The eco-conscious R-House, requires the same amount of energy as heating a hair-dryer
For an increasing number of architects the future of the profession relies on green design, and even though the fear that a truly green building leads to either economic or aesthetic compromise may still be haunting some clients’ choices, the housing competition launched recently by Home HeadQuarters, Syracuse University Centre for Excellence and Syracuse University School for Architecture, single-handedly proves that this need not be the case.
Invited to the competition, the winners, announced only a few days ago, are New York-based Architecture Research Office (ARO) (featured in W*103) and Brooklyn architects Della Valle Bernheimer. This is not the first time the two practices worked together, as they had collaborated in a similar project in the past, an award-winning low-cost housing development in Brooklyn.
Their clever design for the R-House prototype is a showcase for an innovative green home for Syracuse, NY. The architects were inspired by the area’s challenges and potential and the competitions’ vision, as explains ARO principal Adam Yarinsky: “We were excited to propose a design whose qualities—the play of form, space, material and light—were intrinsic to its performance. R-House is as an affordable, innovative paradigm for minimal energy consumption in an American home.”

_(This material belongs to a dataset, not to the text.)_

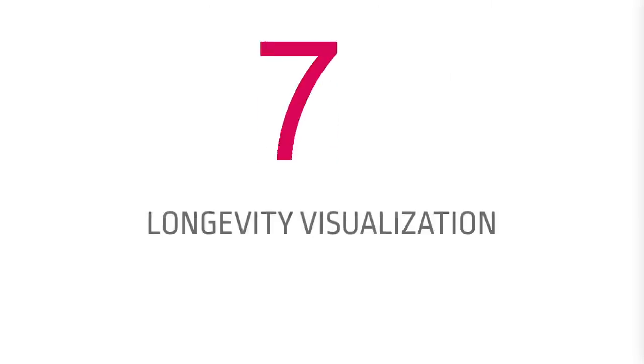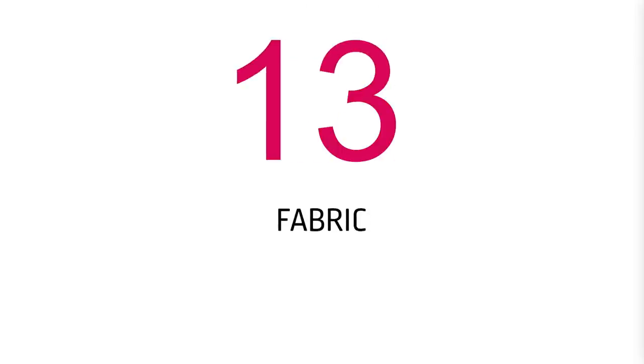Number eleven: longevity visualization. When you're buying your piece, think into the future — think of your future self. How is this bag going to look in 10 years' time, 5 years, 2 years? Is it going to wear well? Do your research, watch all the videos on YouTube. Will I wear it for many years to come? That goes to the classic versus trendy piece question. Think long-term — how it will fit your lifestyle, and even when you get older, will it be too heavy? These practical questions will really help you make a solid financial decision.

German climate and energy engineers Transsolar planned the building’s superb eco-performance, working with its compact size, super-insulation and air-tightness; the house requires the same amount of energy for heating as a hair-dryer, while it consumes approximately 71% less energy than a typical Syracuse home.
Designed in the scale and rough shape of its neighbouring buildings in the Near Westside part of town, the house uses translucent walls, which glow after dark, a folded surface roof, and plenty of windows and skylights, which bring in natural light and air. Both the roof and walls are made of corrugated aluminium, which folds around the two-storey residential interior, featuring concrete, wood floorboards and plywood panels.
The eco-conscious R-House will be built later this year, with a total budget of just $150,000. Additionally, meeting the German Passivhaus standards for extra-low energy consumption, once finished, this house will be of the first of its kind to be built in the US.